GridWorld¶
-
class
safemdp.GridWorld(gp, world_shape, step_size, beta, altitudes, h, S0, S_hat0, L, update_dist=0)¶ Grid world with Safe exploration
Parameters: gp: GPy.core.GP
Gaussian process that expresses our current belief over the safety feature
world_shape: shape
Tuple that contains the shape of the grid world n x m
step_size: tuple of floats
Tuple that contains the step sizes along each direction to create a linearly spaced grid
beta: float
Scaling factor to determine the amplitude of the confidence intervals
altitudes: np.array
It contains the flattened n x m matrix where the altitudes of all the points in the map are stored
h: float
Safety threshold
S0: np.array
n_states x (n_actions + 1) array of booleans that indicates which states (first column) and which state-action pairs belong to the initial safe seed. Notice that, by convention we initialize all the states to be safe
S_hat0: np.array or nan
n_states x (n_actions + 1) array of booleans that indicates which states (first column) and which state-action pairs belong to the initial safe seed and satisfy recovery and reachability properties. If it is nan, such a boolean matrix is computed during initialization
noise: float
Standard deviation of the measurement noise
L: float
Lipschitz constant to compute expanders
update_dist: int
Distance in unweighted graph used for confidence interval update. A sample will only influence other nodes within this distance.
Methods
add_gp_observations(x_new, y_new)Add observations to the gp mode. add_observation(node, action)Add an observation of the given state-action pair. compute_S_hat()Compute the safely reachable set given the current safe_set. compute_expanders()Compute the expanders based on the current estimate of S_hat. plot_S(safe_set[, action])Plot the set of safe states target_sample()Compute the next target (s, a) to sample (highest uncertainty within update_confidence_interval([jacobian])Updates the lower and the upper bound of the confidence intervals update_sets()Update the sets S, S_hat and G taking with the available observation -
add_gp_observations(x_new, y_new)¶ Add observations to the gp mode.
-
add_observation(node, action)¶ Add an observation of the given state-action pair.
Observing the pair (s, a) means adding an observation of the altitude at s and an observation of the altitude at f(s, a)
Parameters: node: int
Node index
action: int
Action index
-
compute_S_hat()¶ Compute the safely reachable set given the current safe_set.
-
compute_expanders()¶ Compute the expanders based on the current estimate of S_hat.
-
plot_S(safe_set, action=0)¶ Plot the set of safe states
Parameters: safe_set: np.array(dtype=bool)

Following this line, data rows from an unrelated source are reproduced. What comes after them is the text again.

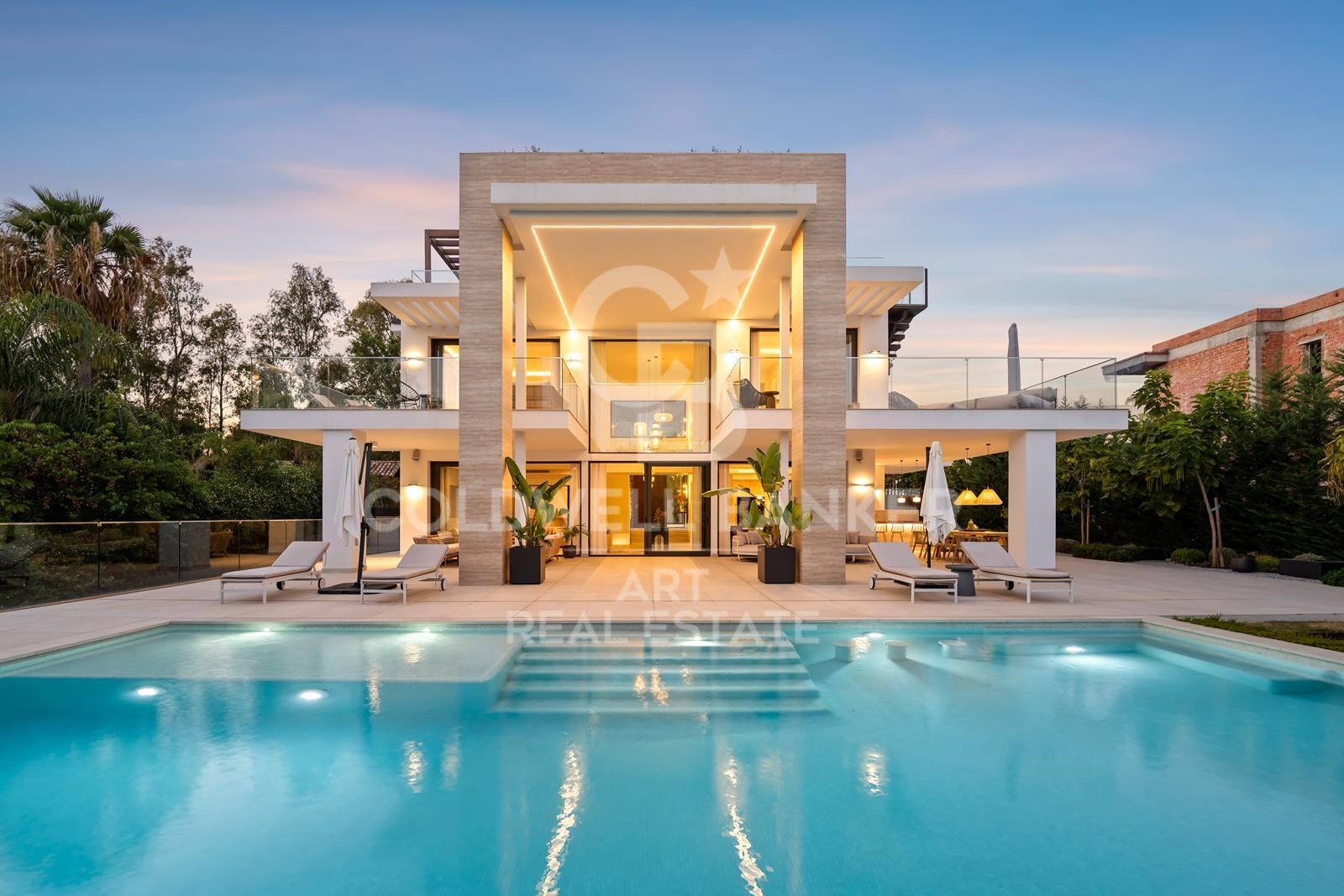 Élégance Méditerranéenne sur la célèbre Golden Mile de Marbella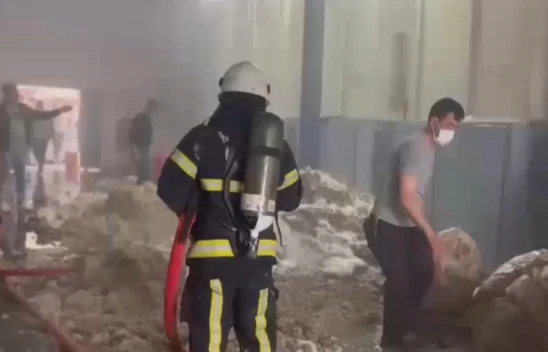 Kahramanmaraş'ta tekstil fabrikasında yangın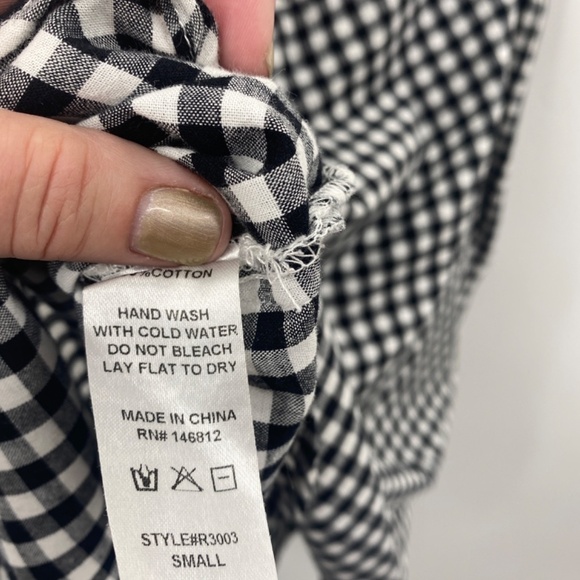 Caution to the Wind Off the shoulder blouse Size Small - Picture 8 of 8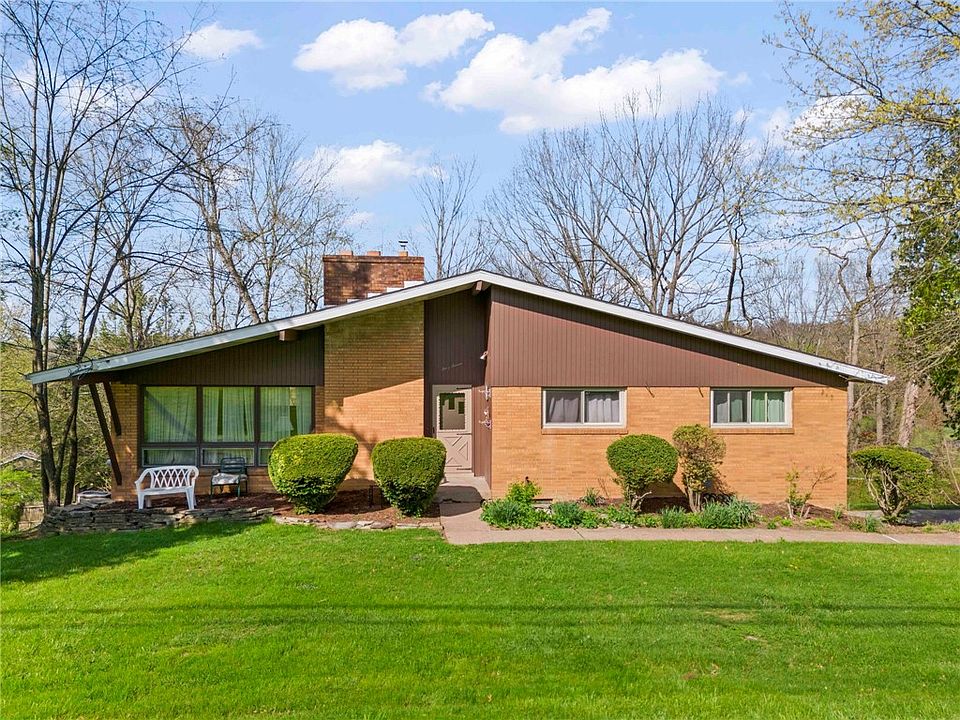 1st image of 207 Marion Dr
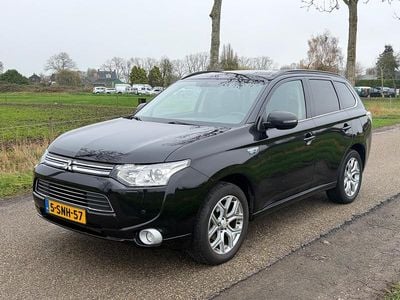 Zwart Gebruikt 2013 Mitsubishi Outlander Instyle SUV | € 10.550 (Eerlijke prijs)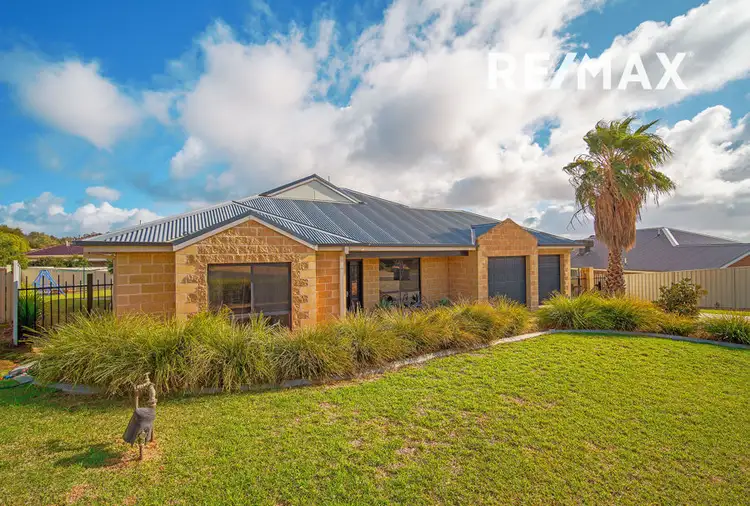 6 Yanko Crescent, Bourkelands NSW 2650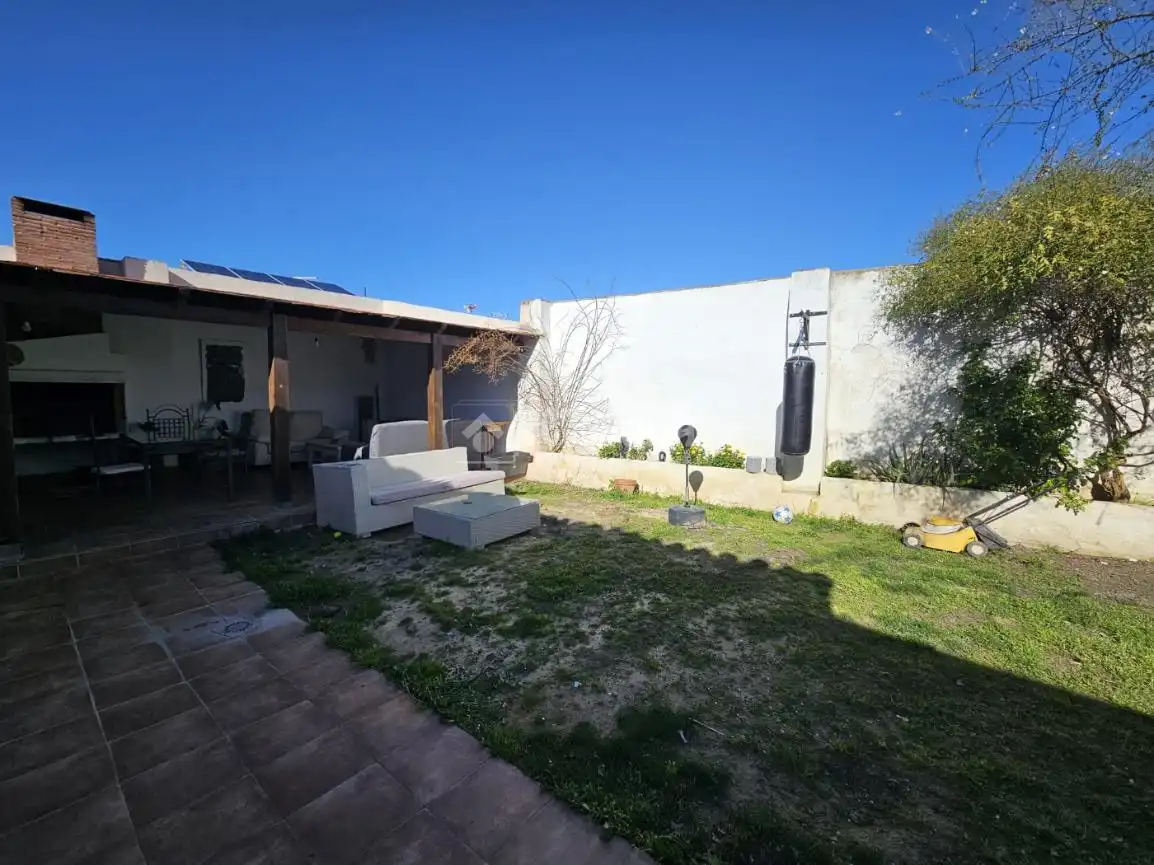 Jardí de Casa o xalet en venda en Vegas del Genil amb Aire condicionat, Calefacció i Terrassa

n_states x (n_actions + 1) array of boolean values that indicates the safe set
action: int
The action for which we want to plot the safe set.
-
target_sample()¶ Compute the next target (s, a) to sample (highest uncertainty within G or S_hat)
Returns: node: int
The next node to sample
action: int
The next action to sample
-
update_confidence_interval(jacobian=False)¶ Updates the lower and the upper bound of the confidence intervals using then posterior distribution over the gradients of the altitudes
Returns: l: np.array
lower bound of the safety feature (mean - beta*std)
u: np.array
upper bound of the safety feature (mean - beta*std)
-
update_sets()¶ Update the sets S, S_hat and G taking with the available observation
-